By Fareed Zakaria
“All conservatism begins with loss,” Andrew Sullivan writes. “If we never knew loss, we would never feel the need to conserve.” That’s why the first and still canonical conservative text is Edmund Burke’s “Reflections on the Revolution in France,” a lamentation on the uprooting of that country’s monarchical order. And that’s why America, as an experiment in modernity, hasn’t had many genuine conservatives in its history.
The so-called conservative founding fathers, John Adams and Alexander Hamilton, were in fact creators of a new and radical system of government. The 19th-century Whigs — Webster, Clay and Calhoun — sometimes seen as conservatives, were aggressive proponents of capitalist development. Even many Southerners who argued for slavery were advocating an economic system that kept them rich, enthusiastically embracing the trade and modern technology that made slavery so profitable. And contemporary conservatism — which began as a reaction to the progressive era and the New Deal — has always mixed dynamic capitalism with moralism.
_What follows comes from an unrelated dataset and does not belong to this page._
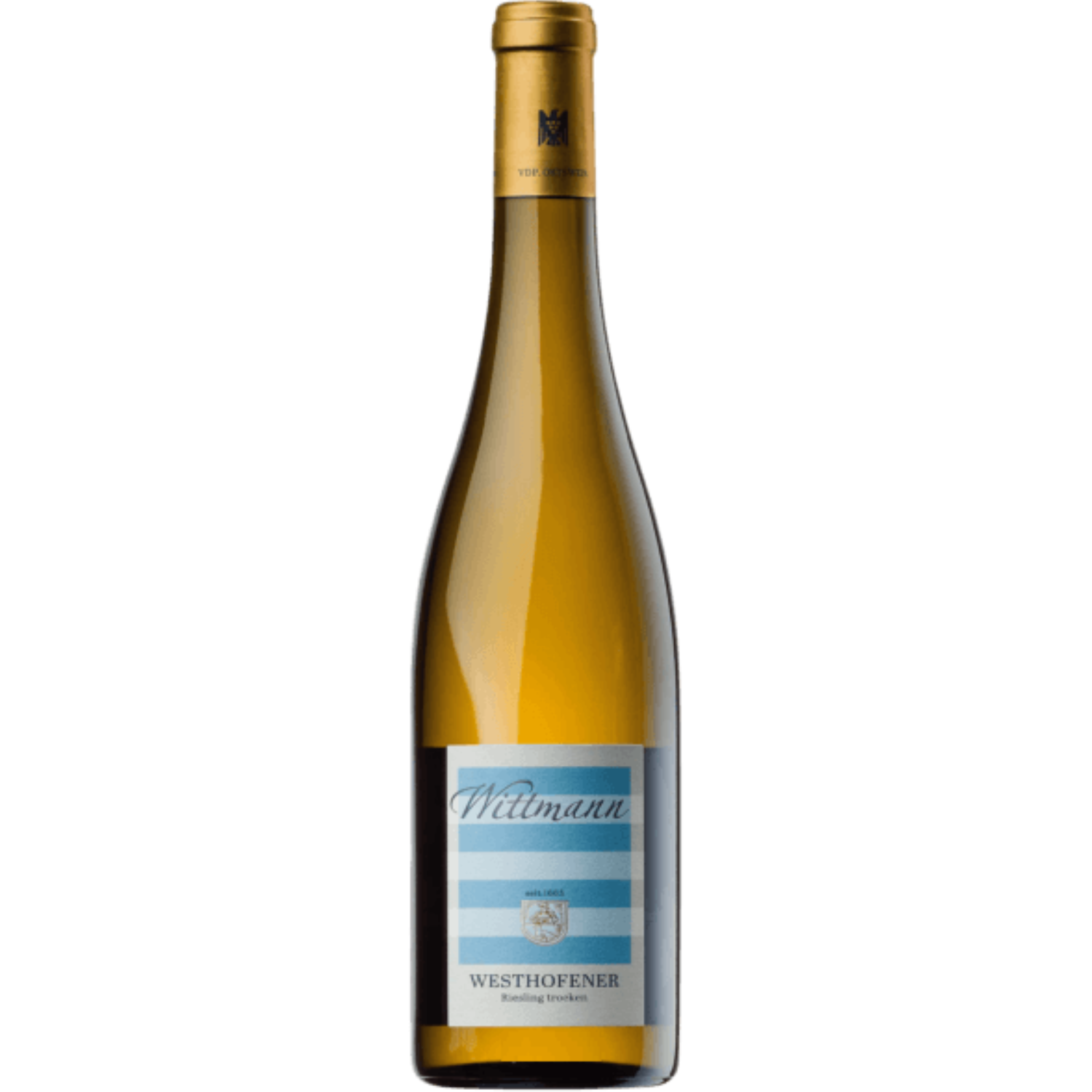 Weingut Wittmann Riesling Trocken Gundersheimer 2017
Given this background, “The Kennan Diaries” is an illuminating, fascinating and sometimes disturbing book. George F. Kennan was the most celebrated diplomat-intellectual of the 20th century, the brilliant author of the strategy of containment that the United States adopted and that won the Cold War. For most of his life he was seen as a strategist and — because he was dovish on most foreign policy issues — a liberal. As these diaries make clear, he spent much of his life thinking about political philosophy. And his instincts and insights were deeply conservative, but in a way that doesn’t really fit into today’s left-right categories.